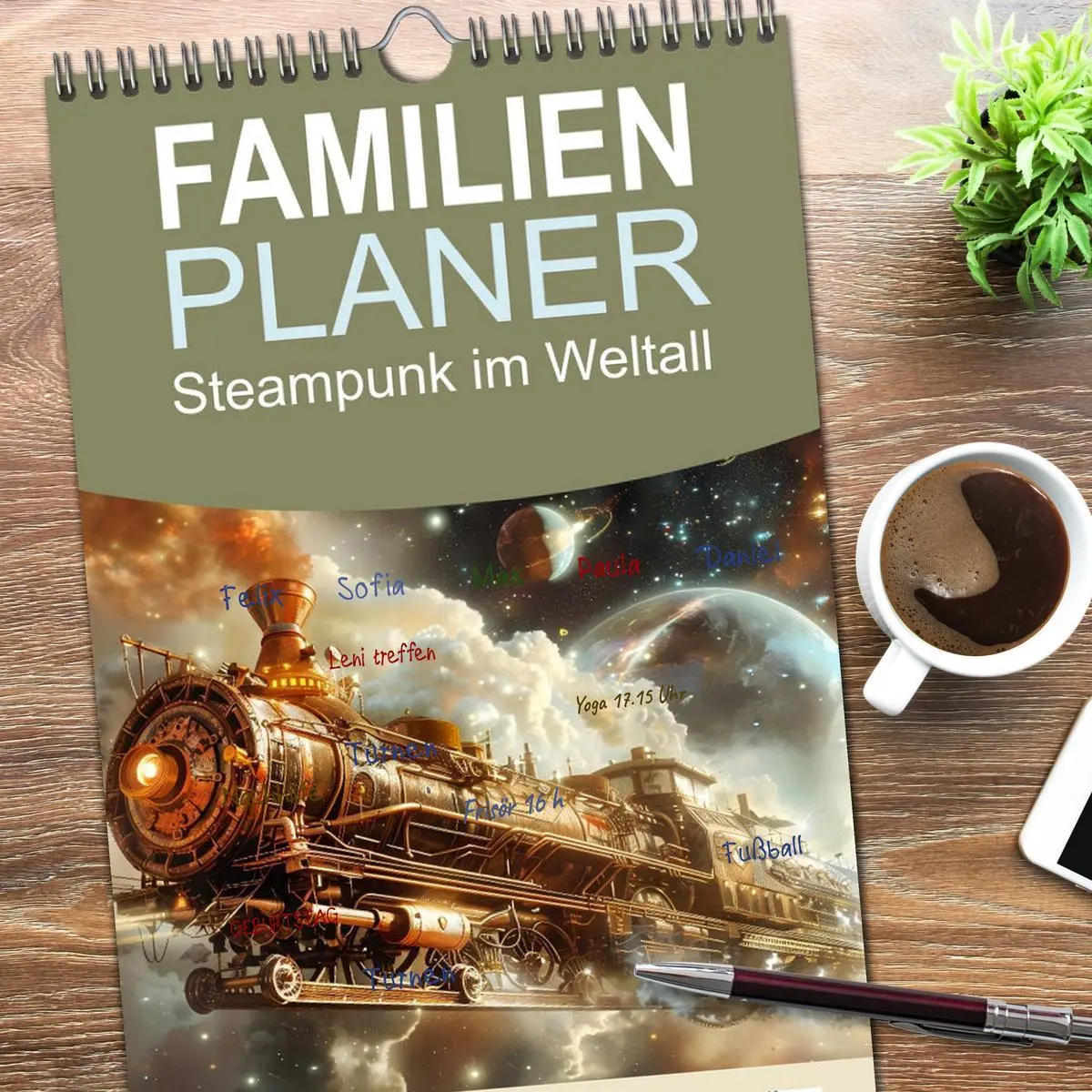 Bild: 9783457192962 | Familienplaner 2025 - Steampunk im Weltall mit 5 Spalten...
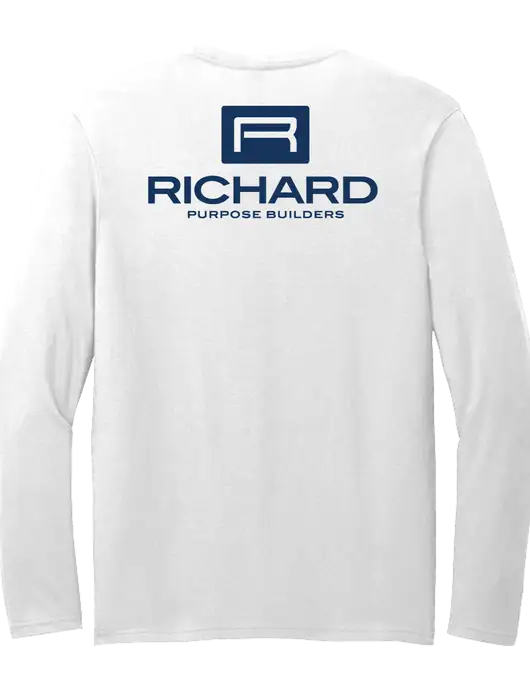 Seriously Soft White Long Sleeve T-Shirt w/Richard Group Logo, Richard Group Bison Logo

........

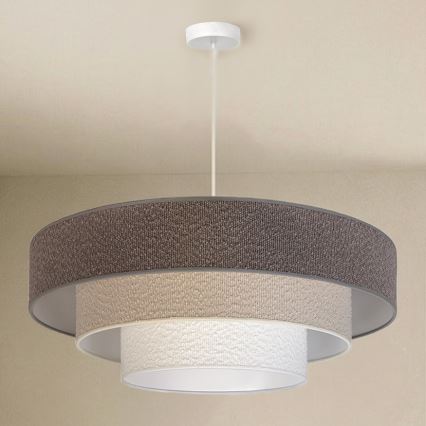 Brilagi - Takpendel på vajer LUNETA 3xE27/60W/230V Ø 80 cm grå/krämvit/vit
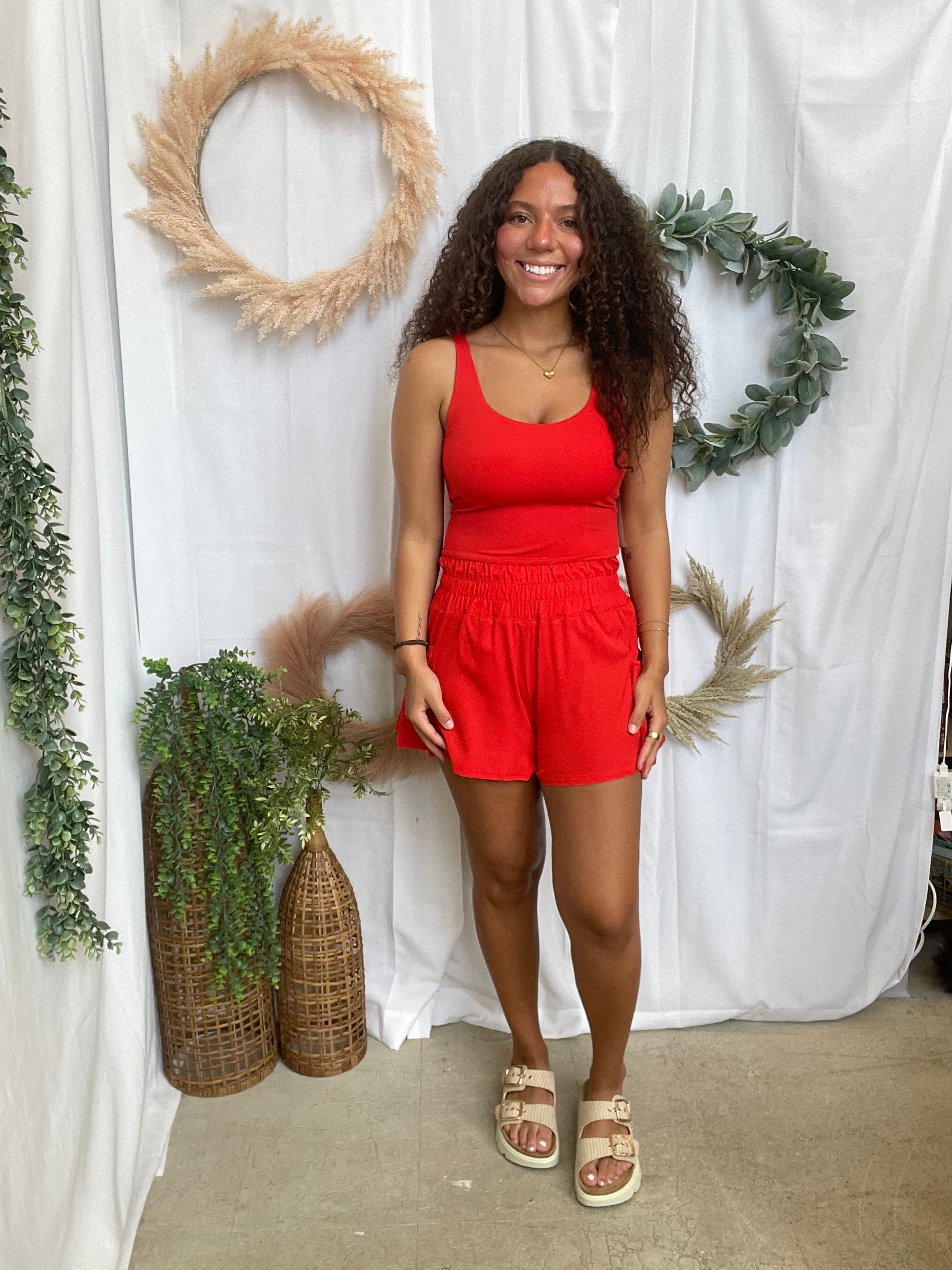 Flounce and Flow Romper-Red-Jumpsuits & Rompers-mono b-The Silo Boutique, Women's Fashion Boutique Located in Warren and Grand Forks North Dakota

........

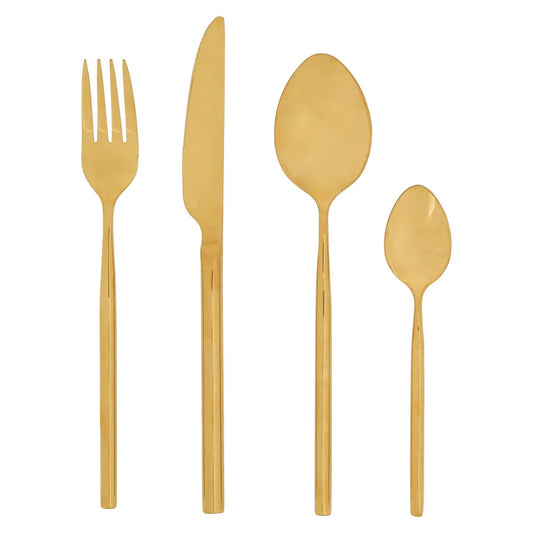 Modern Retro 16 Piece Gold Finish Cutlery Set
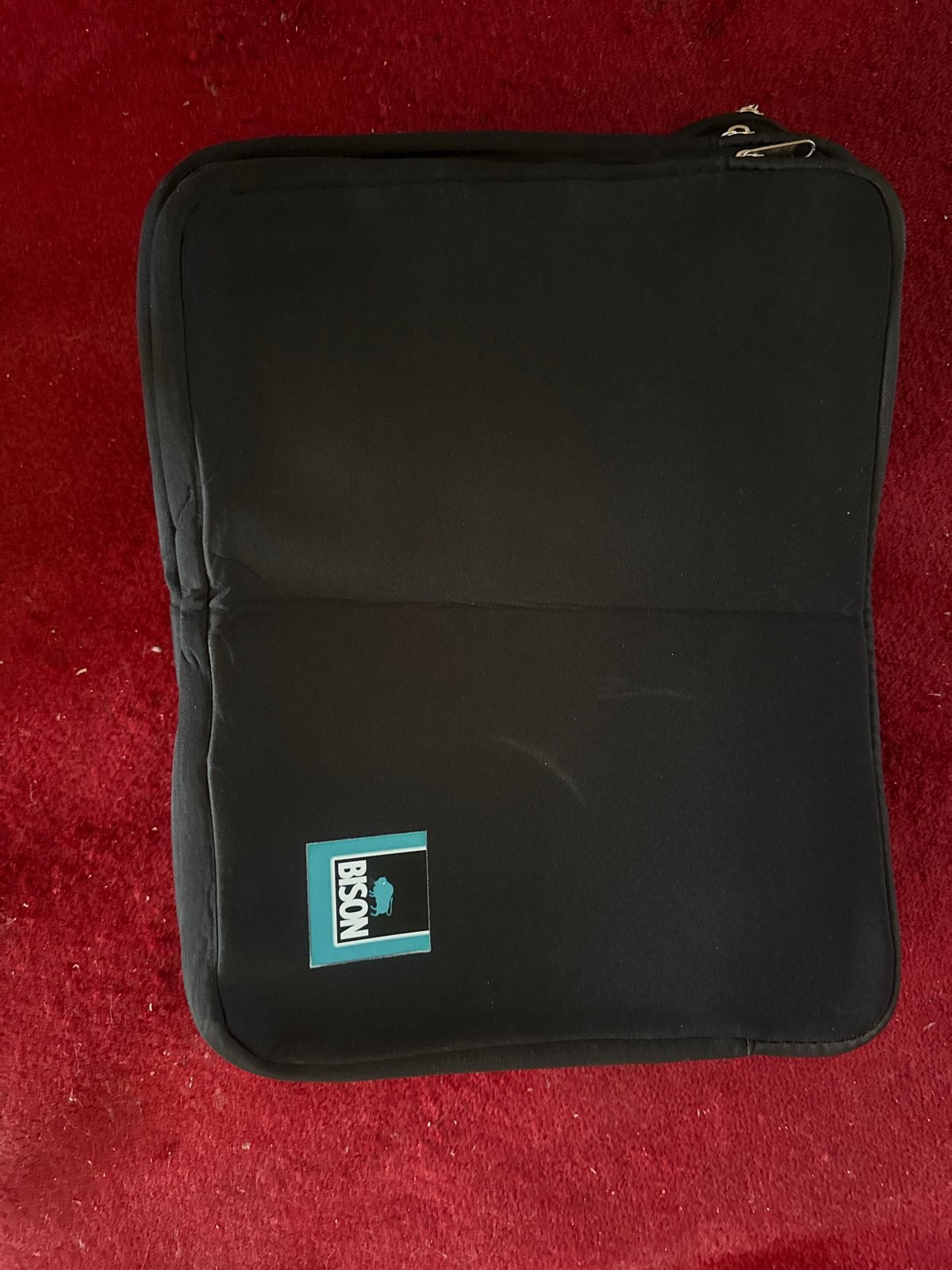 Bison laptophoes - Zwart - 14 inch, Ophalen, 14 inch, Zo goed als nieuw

........

◆ **ACTION ITEM**
An exact copy is needed of the stretch above that opens with the line containing "Brilagi - Takpendel" and closes with the line containing "Flounce and Flow"; the pictures are not part of it.

◆ **ANSWER BOX**
 Brilagi - Takpendel på vajer LUNETA 3xE27/60W/230V Ø 80 cm grå/krämvit/vit
 Flounce and Flow Romper-Red-Jumpsuits & Rompers-mono b-The Silo Boutique, Women's Fashion Boutique Located in Warren and Grand Forks North Dakota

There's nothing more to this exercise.